**EXERCISE GOAL:**
Find the line that contains "Emprendimiento en venta · Caballito, CABA" in the entries below. Restate it and every line after it, word for word, with no pictures.

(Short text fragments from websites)
Content starts

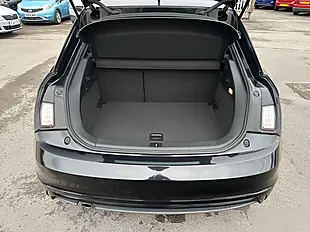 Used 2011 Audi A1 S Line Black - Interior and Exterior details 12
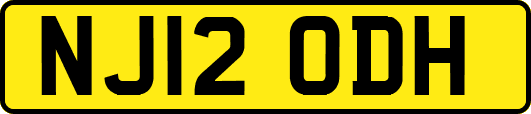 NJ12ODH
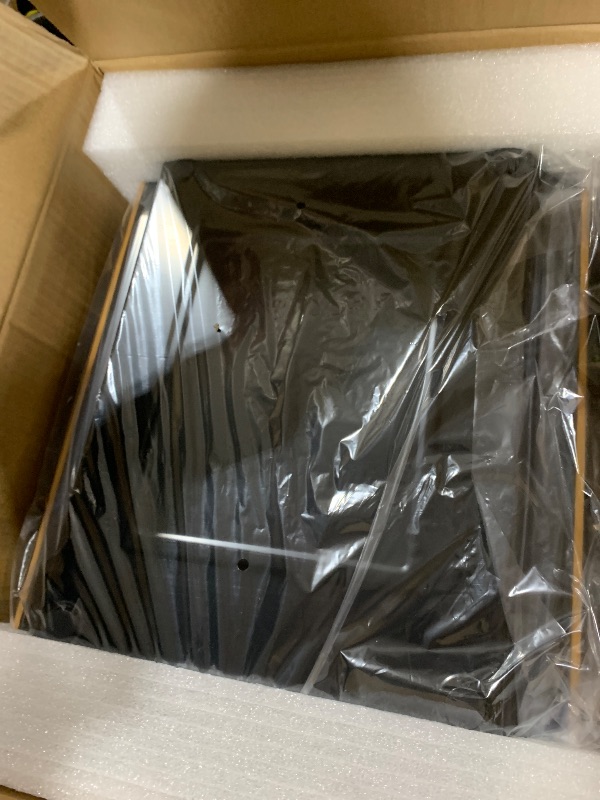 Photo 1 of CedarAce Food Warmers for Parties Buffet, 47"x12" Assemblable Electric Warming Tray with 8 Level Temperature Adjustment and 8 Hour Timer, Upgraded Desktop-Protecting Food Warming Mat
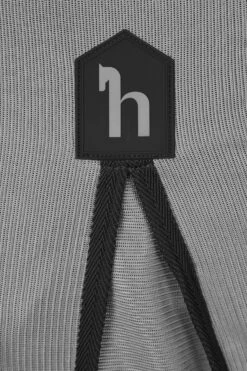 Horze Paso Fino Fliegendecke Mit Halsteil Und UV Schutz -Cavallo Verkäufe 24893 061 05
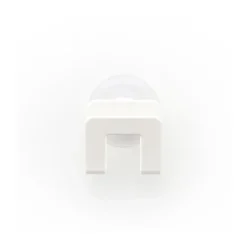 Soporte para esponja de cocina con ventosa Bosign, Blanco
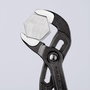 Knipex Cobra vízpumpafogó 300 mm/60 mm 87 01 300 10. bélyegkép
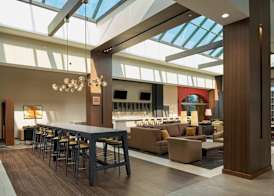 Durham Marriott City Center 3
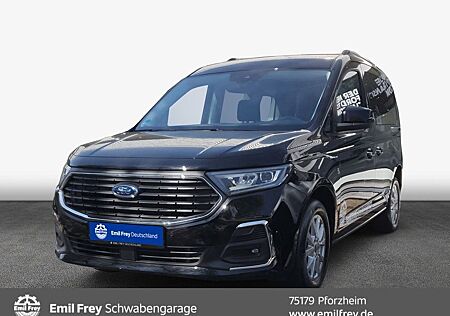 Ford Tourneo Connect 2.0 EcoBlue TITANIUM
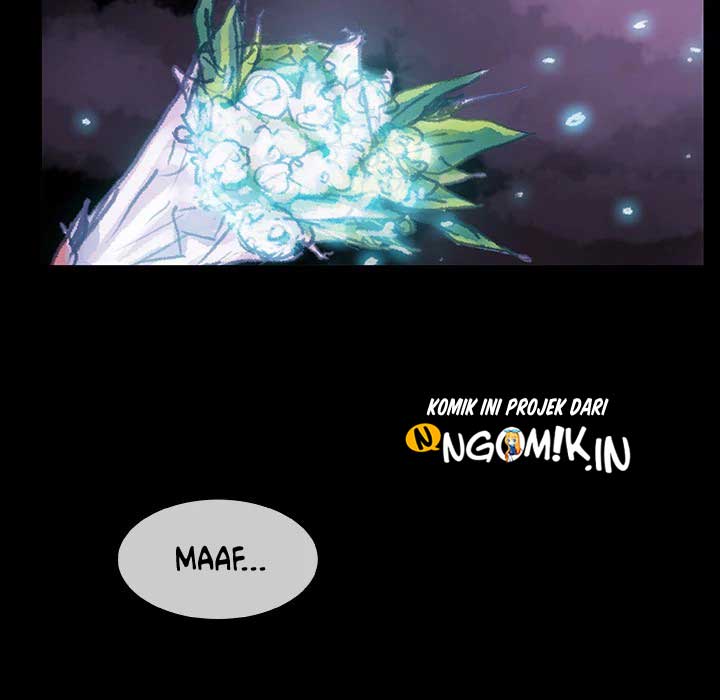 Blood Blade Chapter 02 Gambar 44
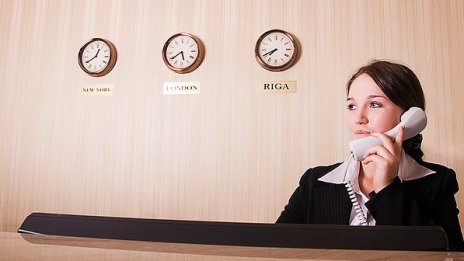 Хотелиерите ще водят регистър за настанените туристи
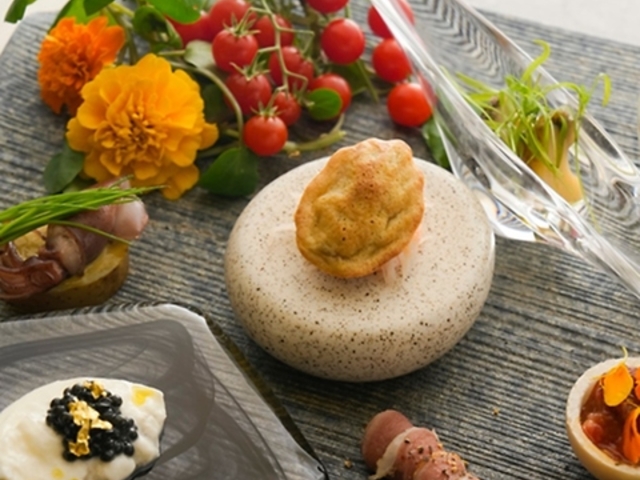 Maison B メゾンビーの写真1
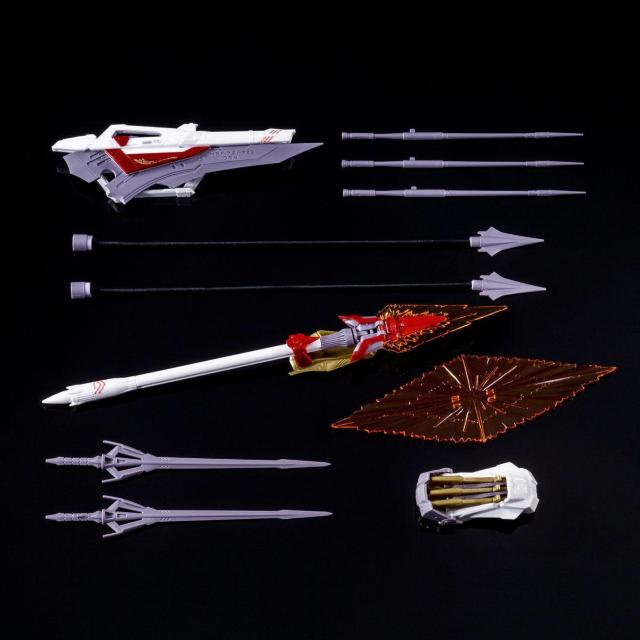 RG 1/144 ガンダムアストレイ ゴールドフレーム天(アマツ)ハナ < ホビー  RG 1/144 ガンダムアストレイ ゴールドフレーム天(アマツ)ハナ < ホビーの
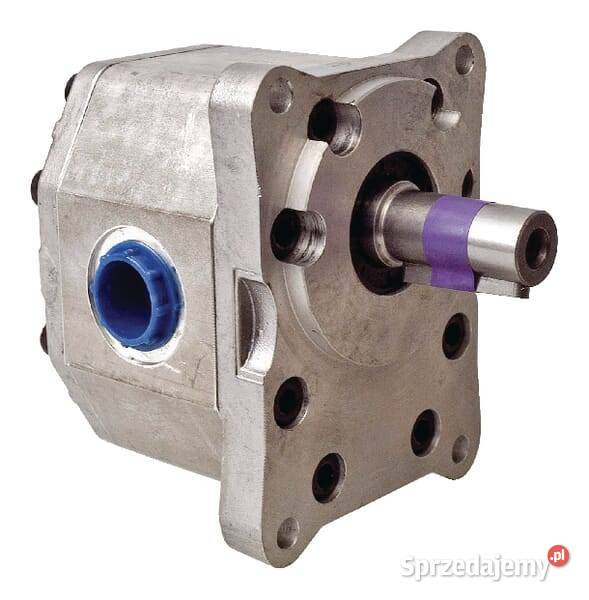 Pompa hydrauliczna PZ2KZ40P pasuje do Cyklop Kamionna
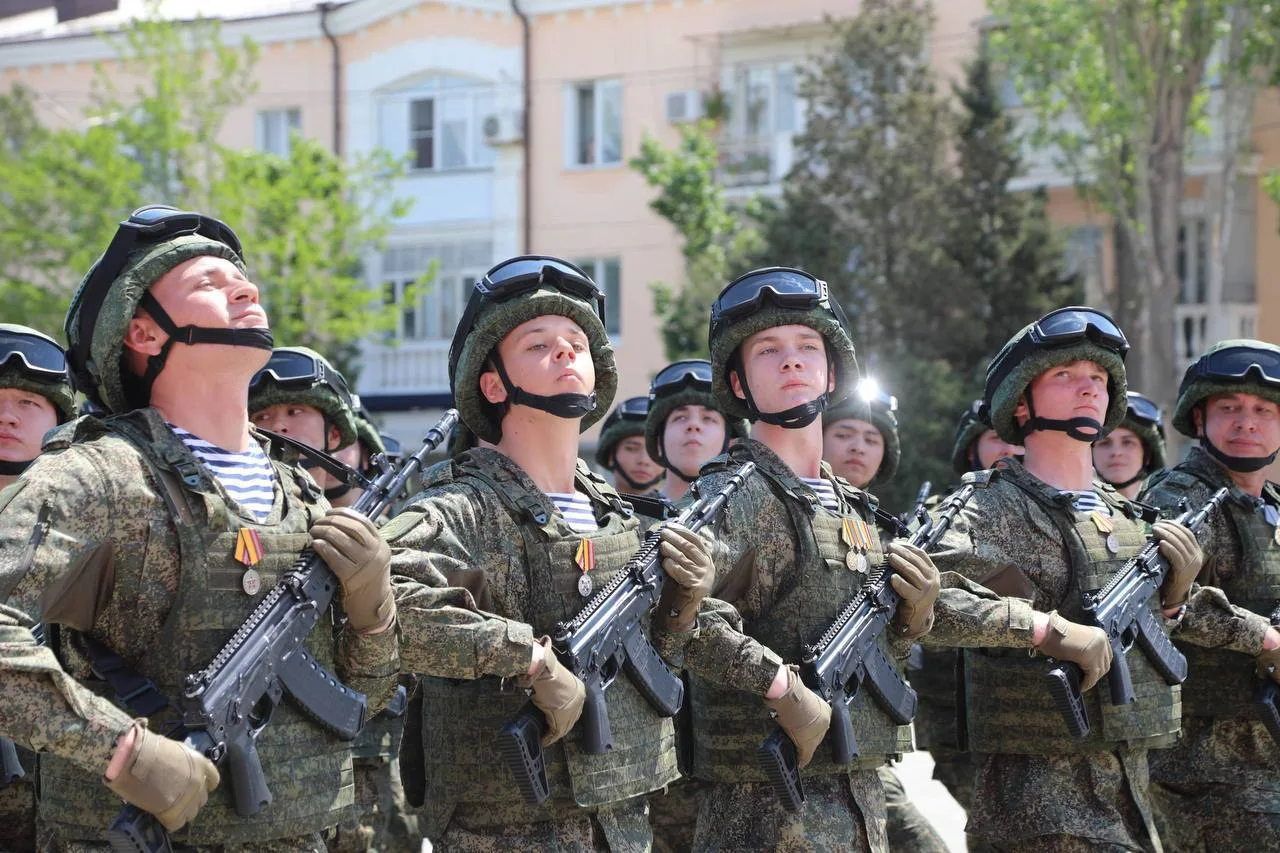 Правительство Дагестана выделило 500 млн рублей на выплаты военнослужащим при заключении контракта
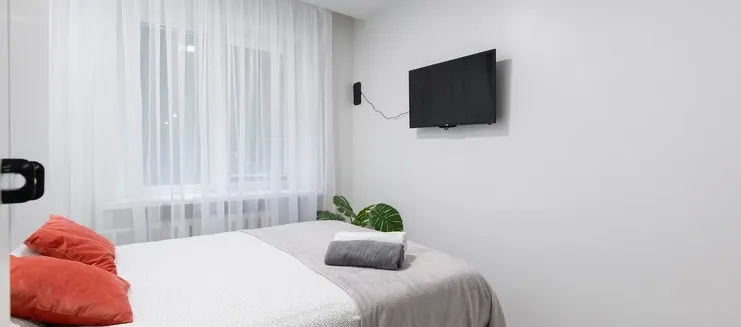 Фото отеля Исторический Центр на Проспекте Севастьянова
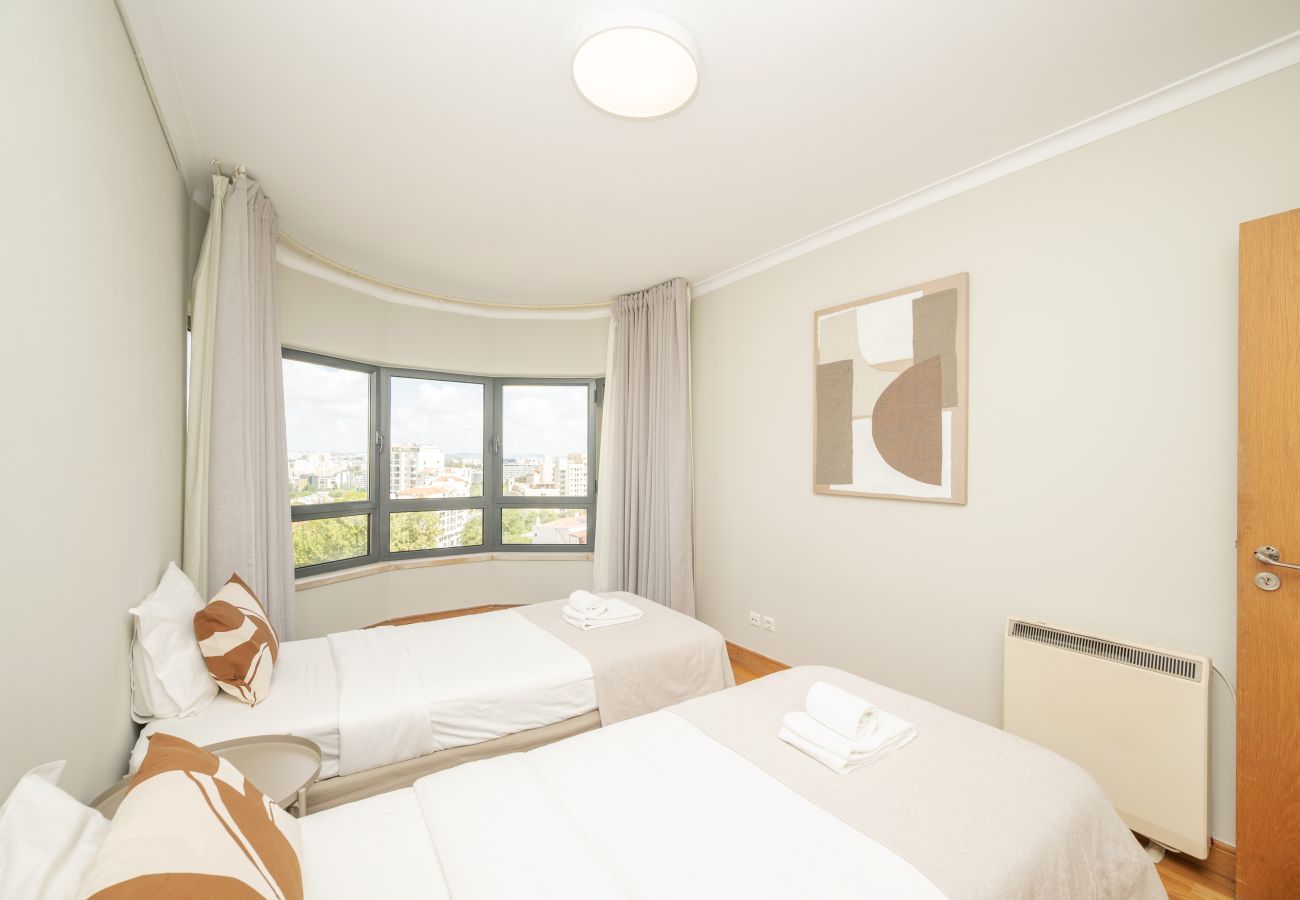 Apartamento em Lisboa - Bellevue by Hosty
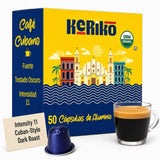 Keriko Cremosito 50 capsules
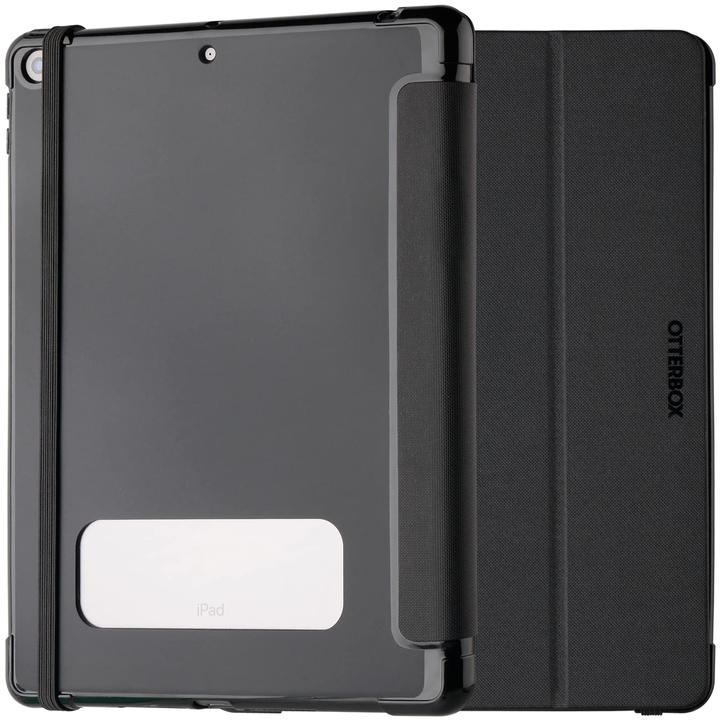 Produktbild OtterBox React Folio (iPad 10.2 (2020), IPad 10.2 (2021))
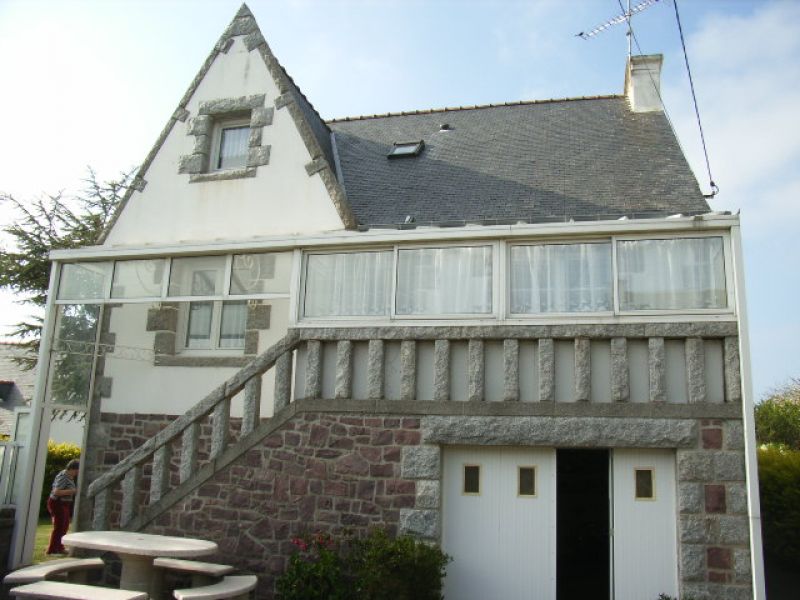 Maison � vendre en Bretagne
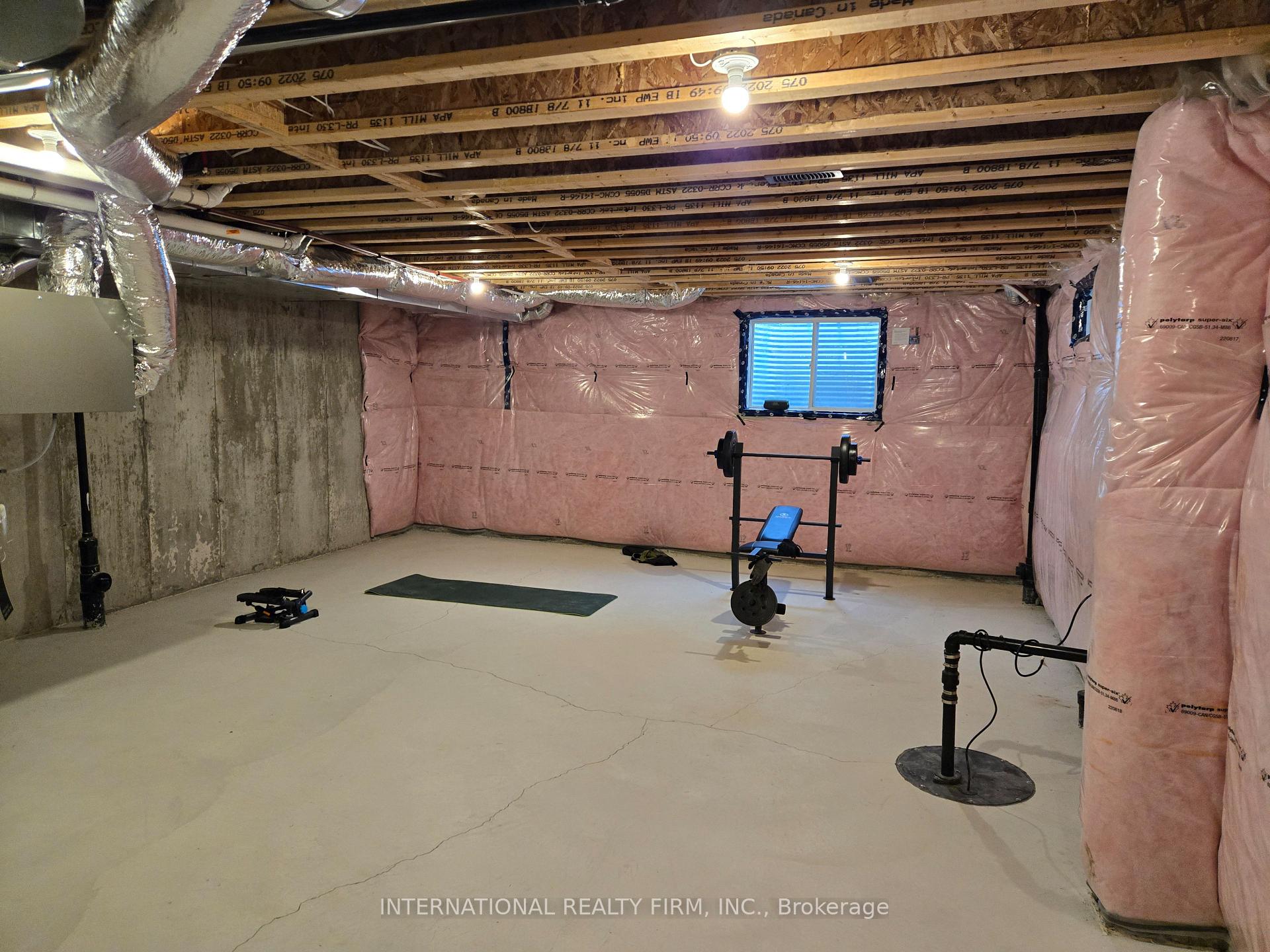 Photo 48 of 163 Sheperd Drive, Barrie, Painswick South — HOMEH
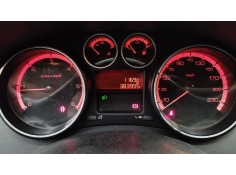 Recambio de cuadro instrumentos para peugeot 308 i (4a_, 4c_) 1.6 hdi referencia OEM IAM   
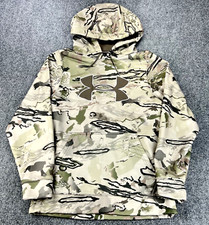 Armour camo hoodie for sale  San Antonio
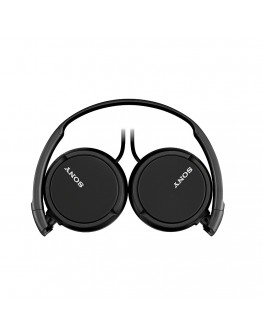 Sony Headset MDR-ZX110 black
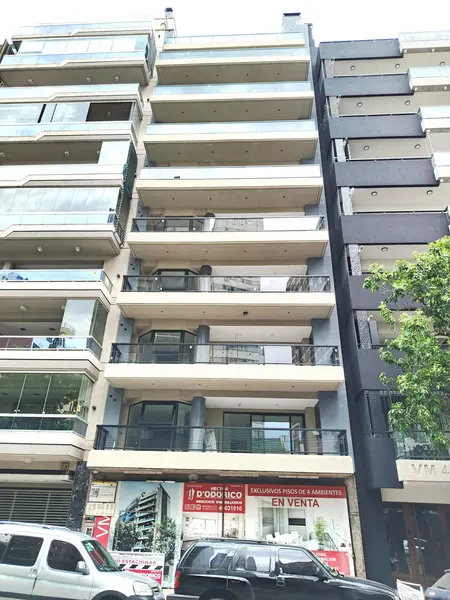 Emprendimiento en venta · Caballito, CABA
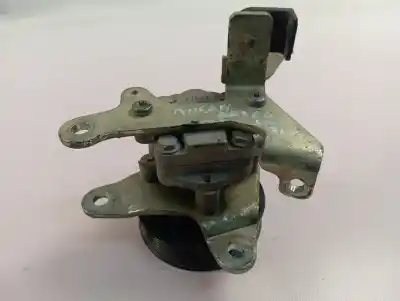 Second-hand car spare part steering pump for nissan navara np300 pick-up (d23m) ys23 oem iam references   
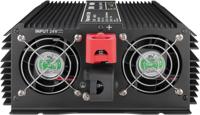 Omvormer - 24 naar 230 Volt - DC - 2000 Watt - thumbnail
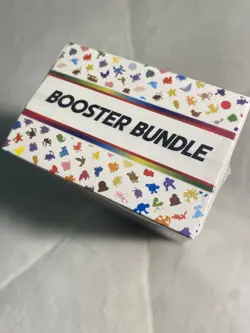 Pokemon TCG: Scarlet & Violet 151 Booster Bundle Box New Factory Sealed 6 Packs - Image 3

Content ends

**EXPECTED OUTPUT:**
 Emprendimiento en venta · Caballito, CABA
 Second-hand car spare part steering pump for nissan navara np300 pick-up (d23m) ys23 oem iam references   
 Omvormer - 24 naar 230 Volt - DC - 2000 Watt - thumbnail
 Pokemon TCG: Scarlet & Violet 151 Booster Bundle Box New Factory Sealed 6 Packs - Image 3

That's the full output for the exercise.